Revelation Not Installed?

Mario Vukelic mario.vukelic at dantian.org
Sat Apr 15 11:17:25 UTC 2006


On Sat, 2006-04-15 at 03:43 -0400, Don Parris wrote:
> I knew I had a problem with the Update Manager when I ran the update, it
> seemed to install, but nothing happened.  I can't remember whether it
> displays a message after completing the update, but it just went back to
> the normal screen.  I thought the "Install" button should be grayed out
> after a successful update. 

I just checked, the Install button is not grayed out after applying the
update, at least on Dapper. (I would say this is a little UI bug, and
there are others in update-manager, like the fact that it always shows
"your system is up to date" without checking the repositories after
launching - I will file them if they aren't yet)

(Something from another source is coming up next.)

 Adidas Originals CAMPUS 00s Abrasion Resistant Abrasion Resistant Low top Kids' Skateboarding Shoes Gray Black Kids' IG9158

Nevertheless, other things you wrote sound not right. The Update Manager
has a little arrow labeled "Details" which you can open to see the
output of the operations it does. What does it say during an update?

> Am I correct in assuming that the "Add Applications" and
> Update Manager" are part of Synaptic (or tie into it somehow)?  Or are
> they separate front-ends to apt-get?

Add Applications, Update Manager, and Synaptic, as well as the CLI
tools, aptitude, apt-get, wajig et al., and the KDE package manager are
all separate applications which however access the same package
database. One could say they are all front-ends to APT, the Advanced
Package Manager, as it is properly named.

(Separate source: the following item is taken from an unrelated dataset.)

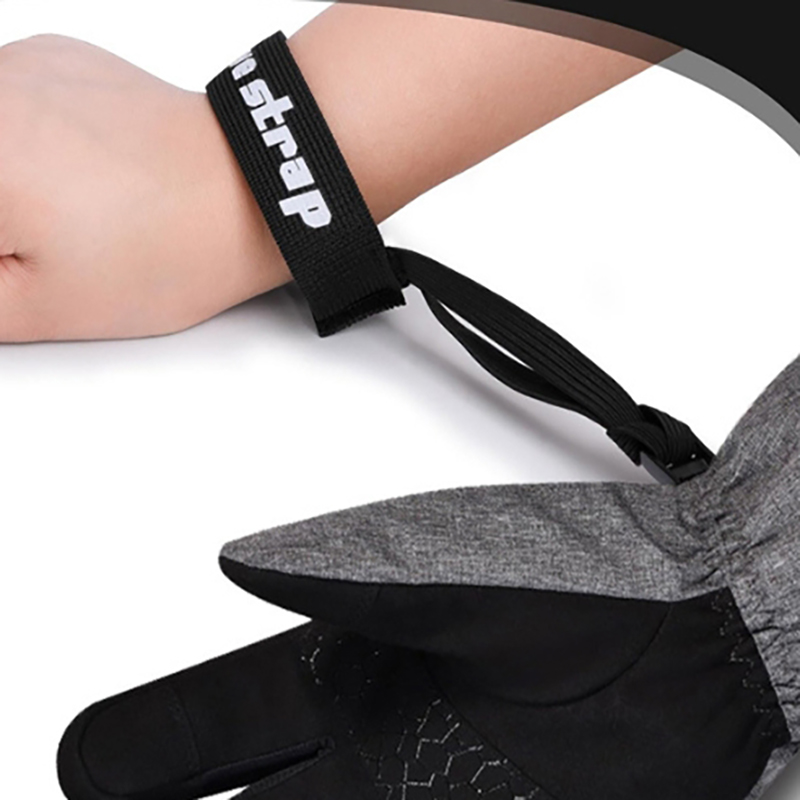 4Pcs Ski Glove Wrist Strap Glo - Outdoor Sport Gloves avis et prix
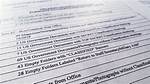 When Declassifying a Document a (U)?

(However, besides the package information, they often collect their own
info, which is not always shared. E.g., aptitude records which packages
you install directly, and which are only pulled in because of
dependencies. This way it can, e.g.,  remove packages automatically when
the depending package, which caused their installation, is being
removed. This information is not accessed by (all of? most of?) the
other applications, and therefore only works reliably if you always use
aptitude. The change logging mechanisms are also different)

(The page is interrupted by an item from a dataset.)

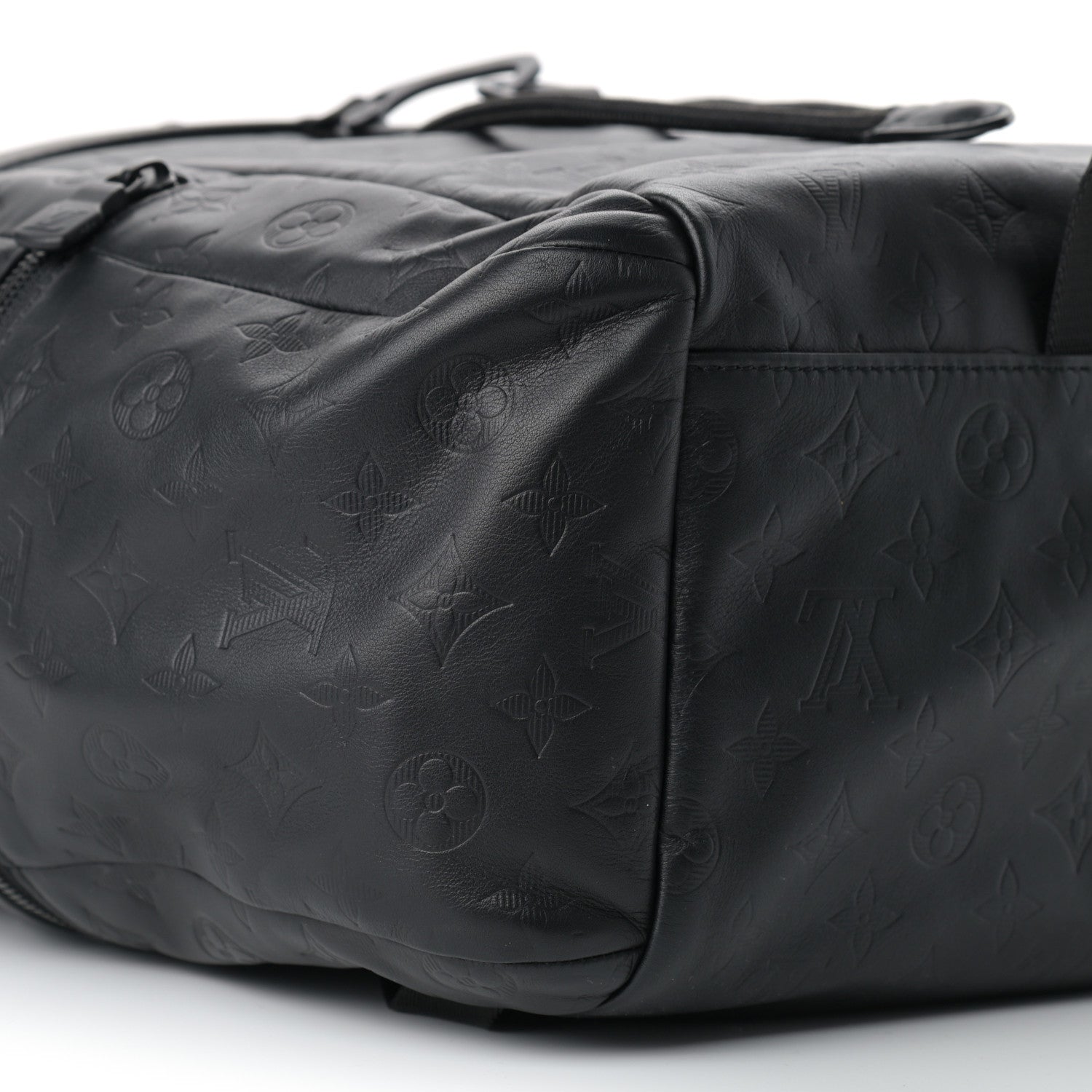 Louis Vuitton Calfskin Monogram Shadow Discovery Backpack Black 8 of 9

However, the higher-level ones frequently call the lower-level ones. I'm
pretty sure most use at least dpkg to handle the actual install and
removal of the packages. I'm pretty sure wajig uses apt-for dependency
resolution, while aptitude accesses the APT library independently from
apt-get. Synaptic I think uses apt-get.
You can check these by looking at a process tools such as top (on the
CLI) or System Monitor (in Gnome) while running the package tools. And I
guess the documentation of the packages will also mention what they do.